▶ [AIM OF THE TASK]
Return the data below unchanged. Drop any pictures.

▶ [DATA]
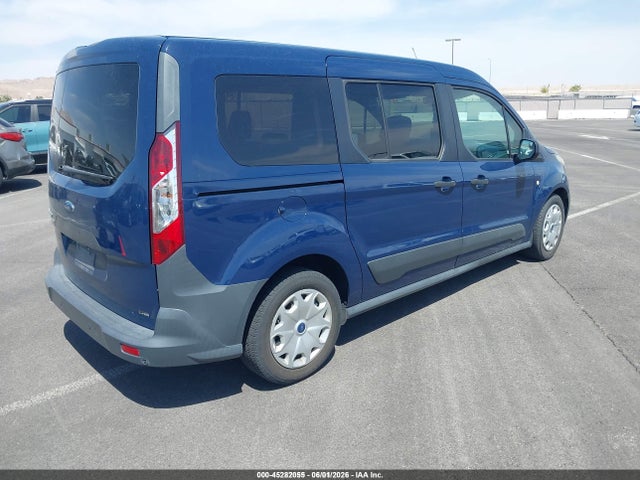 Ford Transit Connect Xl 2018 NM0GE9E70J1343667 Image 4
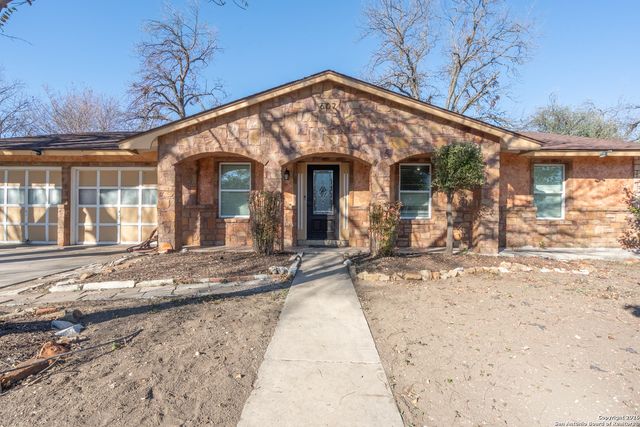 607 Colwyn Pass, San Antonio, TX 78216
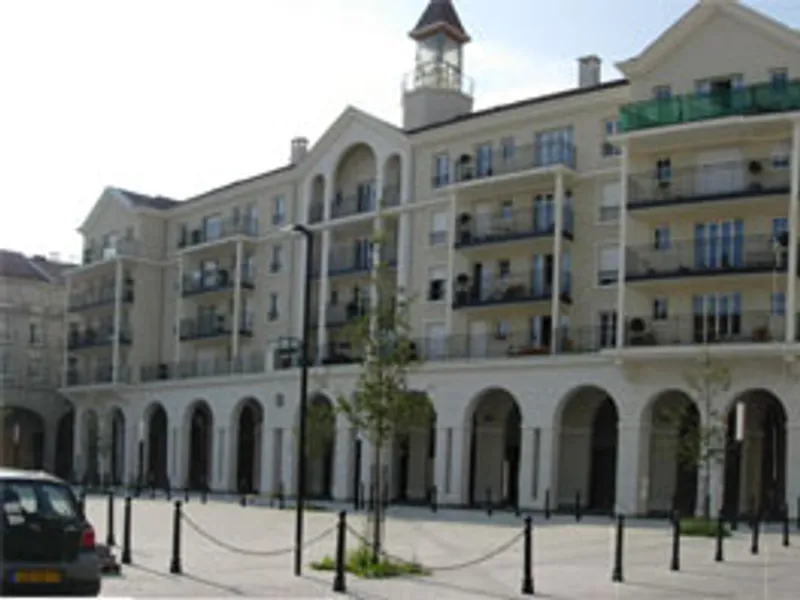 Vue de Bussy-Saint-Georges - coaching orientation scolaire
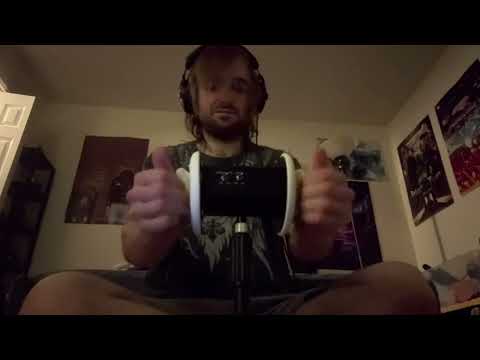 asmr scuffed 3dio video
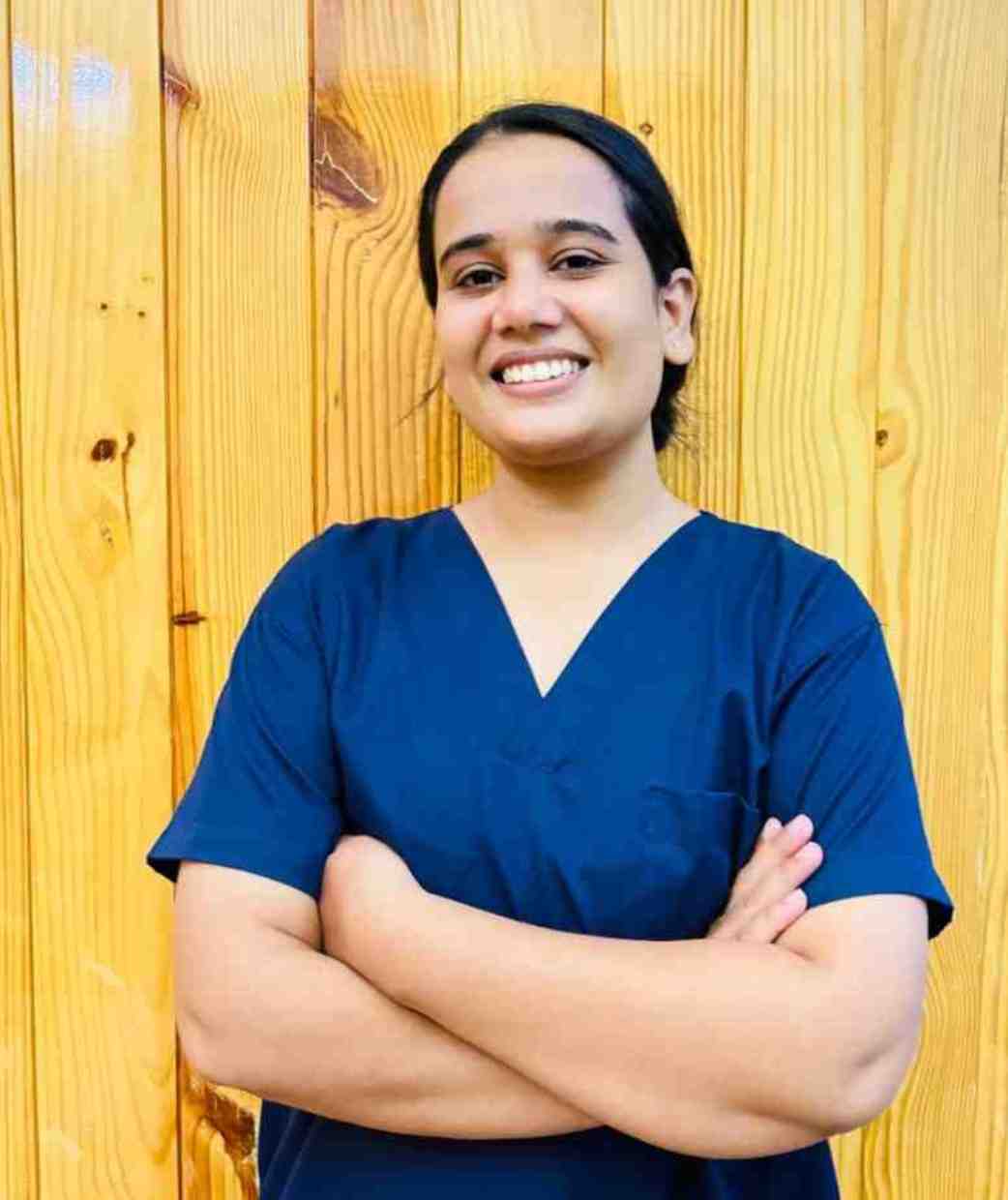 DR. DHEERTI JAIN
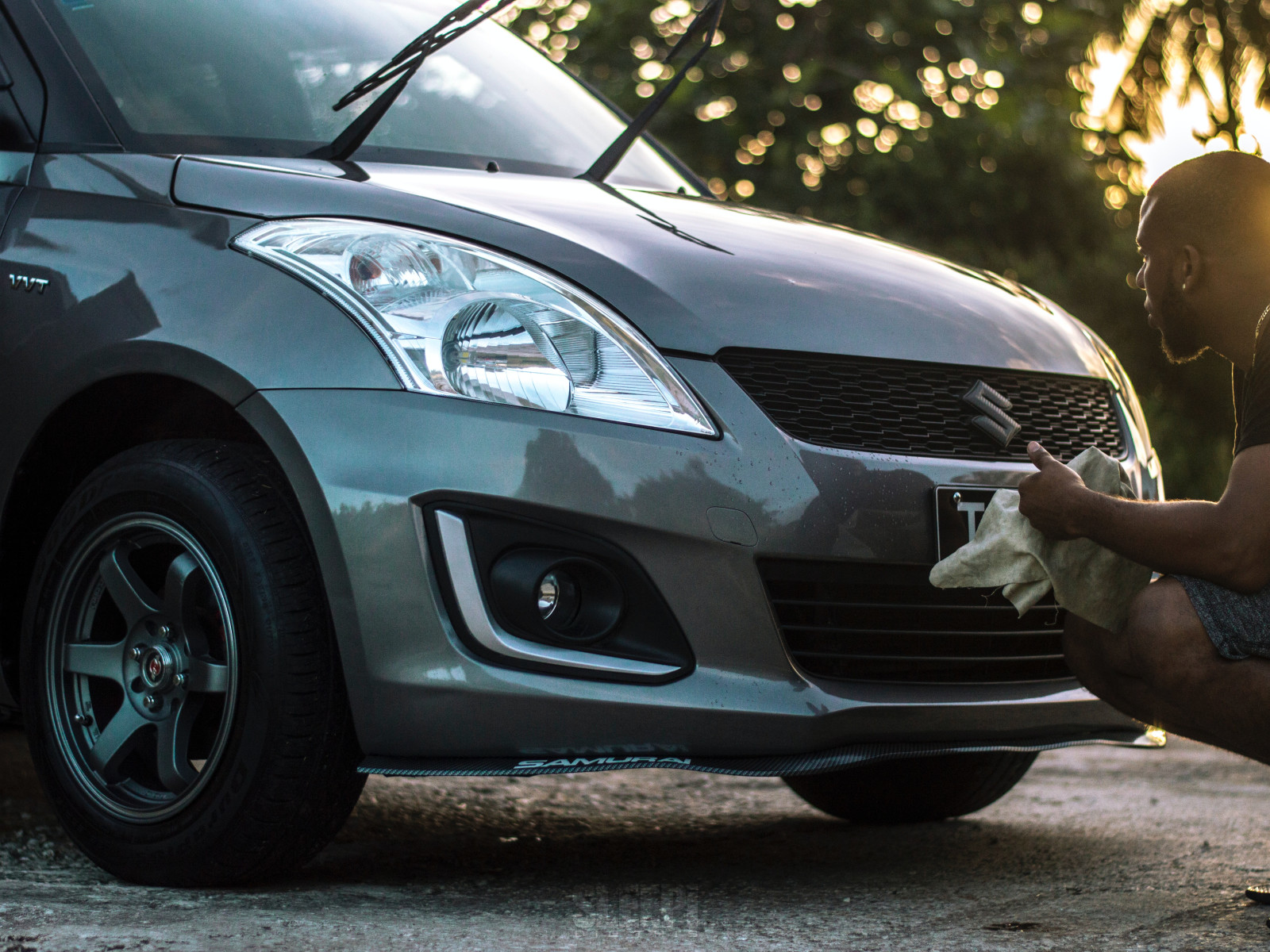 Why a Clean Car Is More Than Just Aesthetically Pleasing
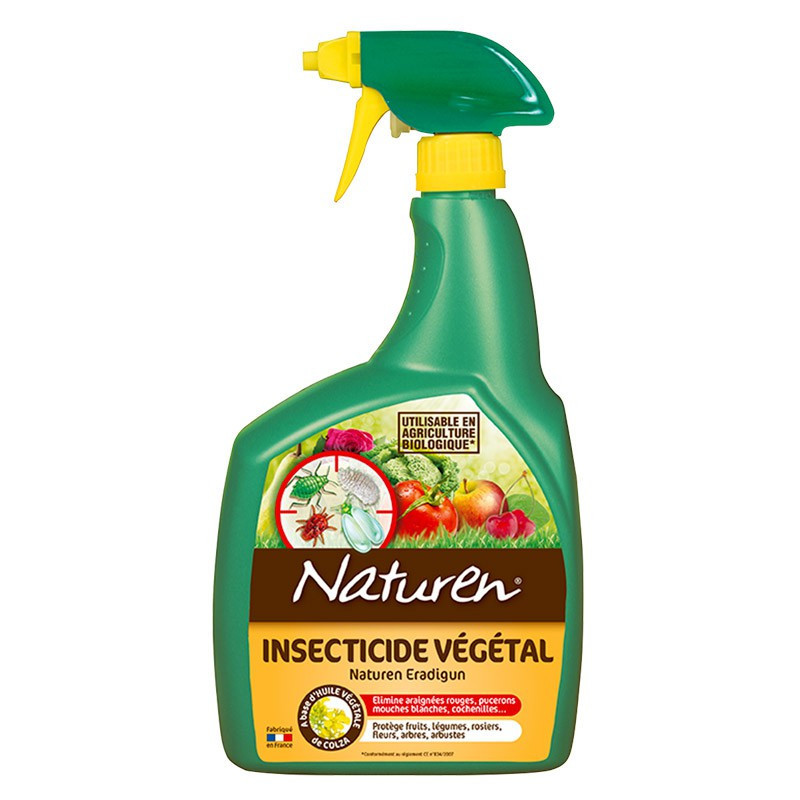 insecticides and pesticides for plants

▶ [WRITTEN ANSWER]
 Ford Transit Connect Xl 2018 NM0GE9E70J1343667 Image 4
 607 Colwyn Pass, San Antonio, TX 78216
 Vue de Bussy-Saint-Georges - coaching orientation scolaire
 asmr scuffed 3dio video
 DR. DHEERTI JAIN
 Why a Clean Car Is More Than Just Aesthetically Pleasing
 insecticides and pesticides for plants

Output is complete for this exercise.